Aujourd’hui, c’est de là que part le funiculaire conduisant aux nouveaux bâtiments des thermes, qui accueillentencore plus de 30.000 curistes par an. Sur le chemin, notre guide désigne un pouhon à ciel ouvert, pour que j’y remplisse mon gobelet. L’eau est fraîche mais âcre, au goût de métal. Quand je lui demande pourquoi il n’en boit pas, la réponse fuse : «Je suis un vrai spadois, j’en ai beaucoup bu, mais mon médecin m’a dit d’arrêter : j’ai désormais trop de fer dans le sang !»

En pratique

Il serait dommage de visiter Spa sans s’intéresser à ses environs.
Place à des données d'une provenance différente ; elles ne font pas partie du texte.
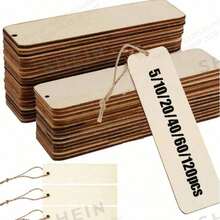 120pcs Blank Wooden Bookmarks, Rectangular DIY Wooden Tags With Hanging Rope, Suitable For Wedding, Birthday Party, Holiday Decoration, Rustic Vintage Style Handmade Crafts And Personalized Gift DIY - A - View 6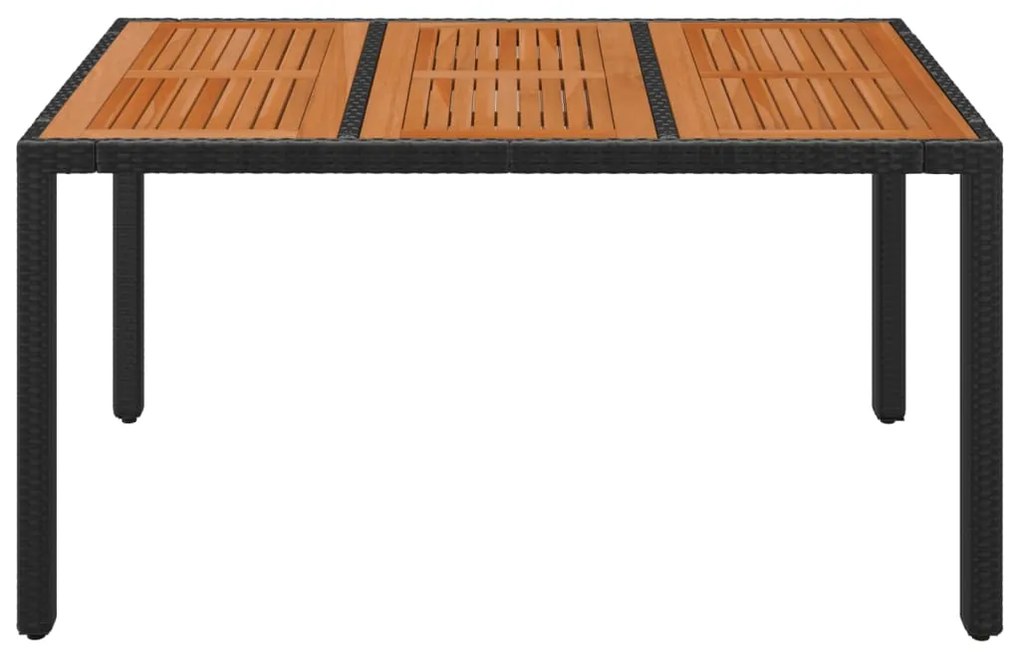 vidaXL Τραπέζι Κήπου με Ξύλινη Επιφάνεια Μαύρο 150x90x75 εκ Συνθ Ρατάν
La nature alentour regorge de promenades pittoresques, parfois créées à l’époque romantique pour les riches curistes, avec cascades, points de vue, rocailles et petits ponts. Outre une nature luxuriante, elles offrent l’accès à tout un petit patrimoine : luxueuses villas, belvédères, pouhons aménagés…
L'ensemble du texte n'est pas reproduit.